- _What is required_
Copy out each line below verbatim, skipping any picture.

- _Records for this task_
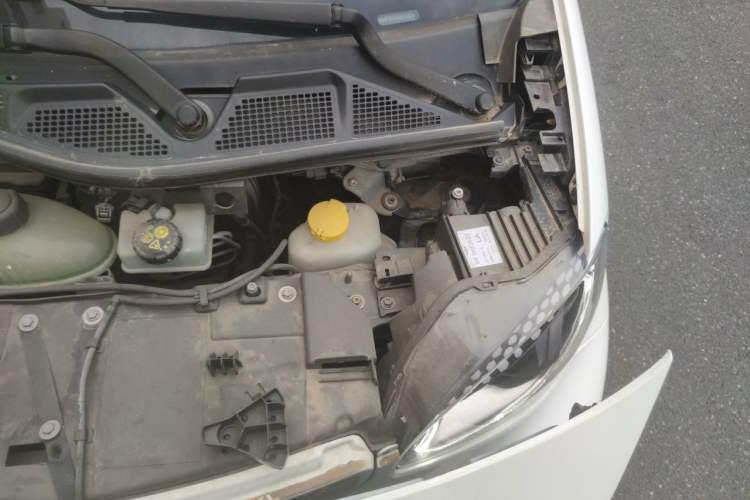 Used smart fortwo 2016 0.9T 66kW Hardtop Pioneer Edition Engine Bay Left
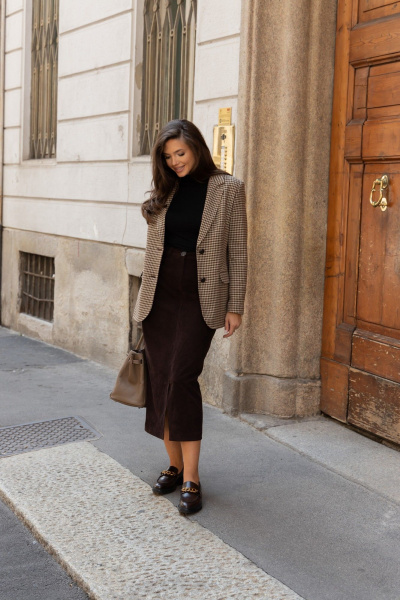 Миди юбка из вельвета с вертикальной раскладкой и карманами EZER 1013 баклажан - фото 6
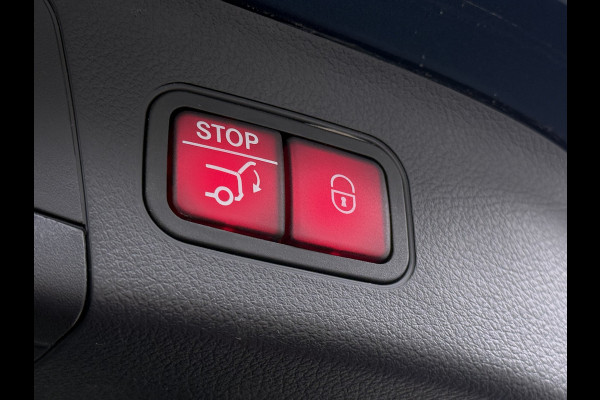 Mercedes-Benz GLA 250e AMG // Trekhaak // Distronic // Headup Display // Memory // 360 Camera // Panoramadak // Leder // 20" LM // Sfeerverlichtin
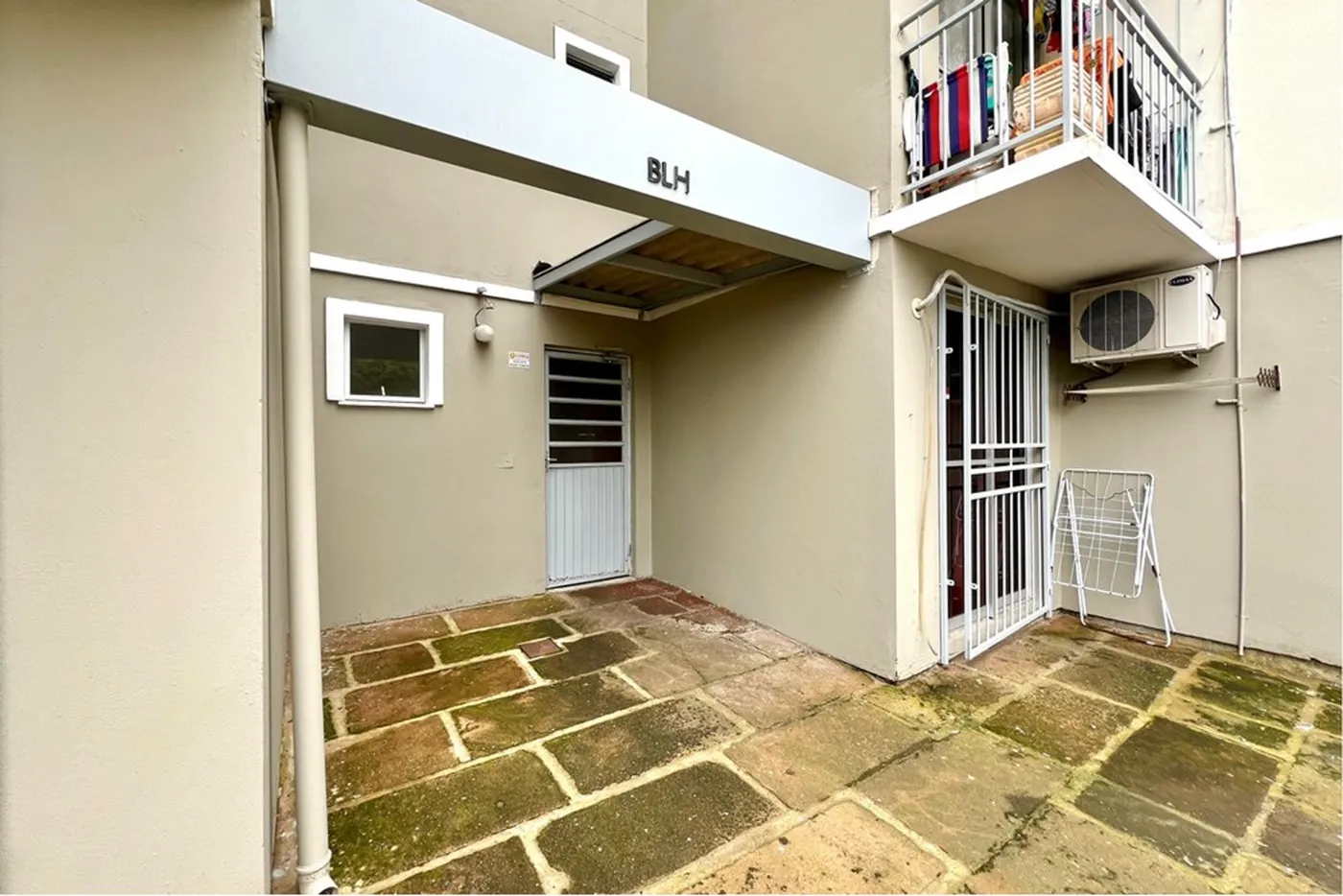 ODN 302 Apto 610241001-124 - REMAX 520 Exclusividades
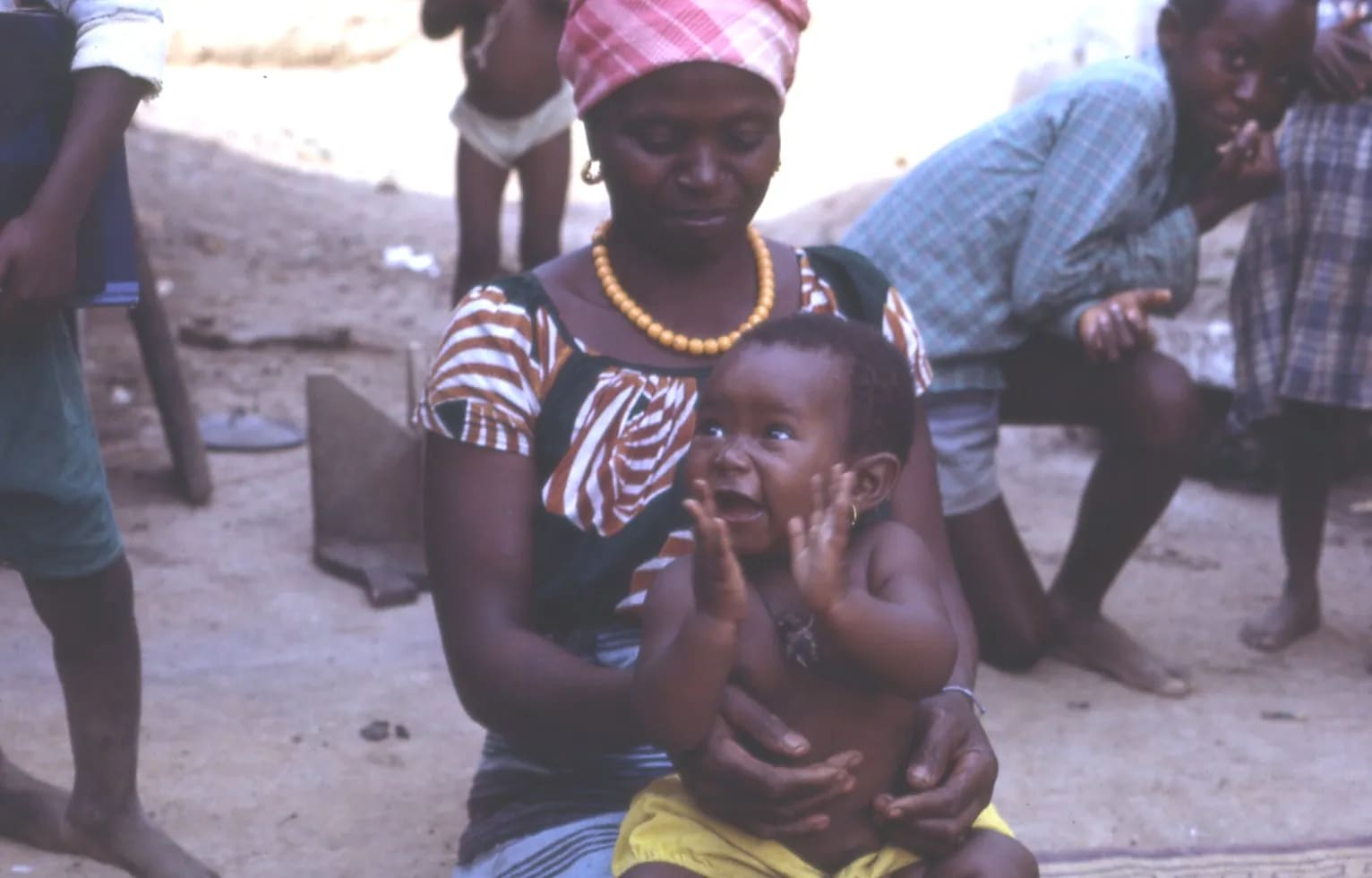 Grandmother and grandchild, Kabala, Sierra Leone (West Africa) (429386055)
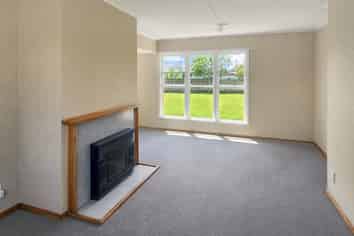 32 Devon Crescent, Bulls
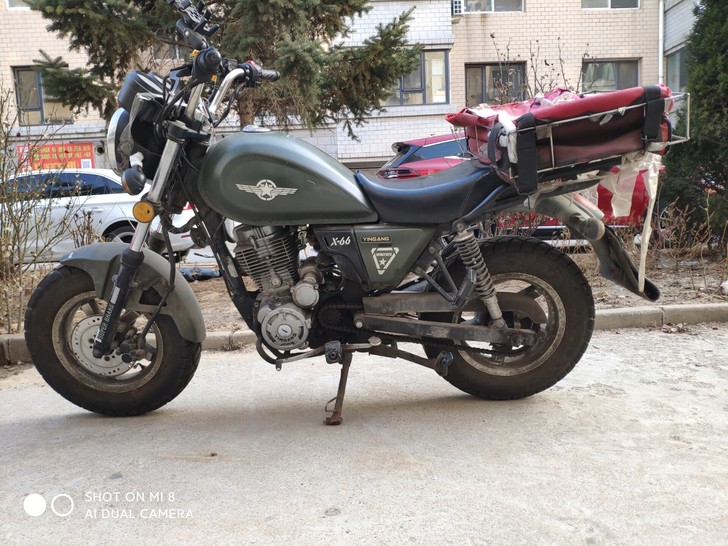 银钢150摩托车 有手续必须过户 带货架送...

- _Exercise output_
 Used smart fortwo 2016 0.9T 66kW Hardtop Pioneer Edition Engine Bay Left
 Миди юбка из вельвета с вертикальной раскладкой и карманами EZER 1013 баклажан - фото 6
 Mercedes-Benz GLA 250e AMG // Trekhaak // Distronic // Headup Display // Memory // 360 Camera // Panoramadak // Leder // 20" LM // Sfeerverlichtin
 ODN 302 Apto 610241001-124 - REMAX 520 Exclusividades
 Grandmother and grandchild, Kabala, Sierra Leone (West Africa) (429386055)
 32 Devon Crescent, Bulls
 银钢150摩托车 有手续必须过户 带货架送...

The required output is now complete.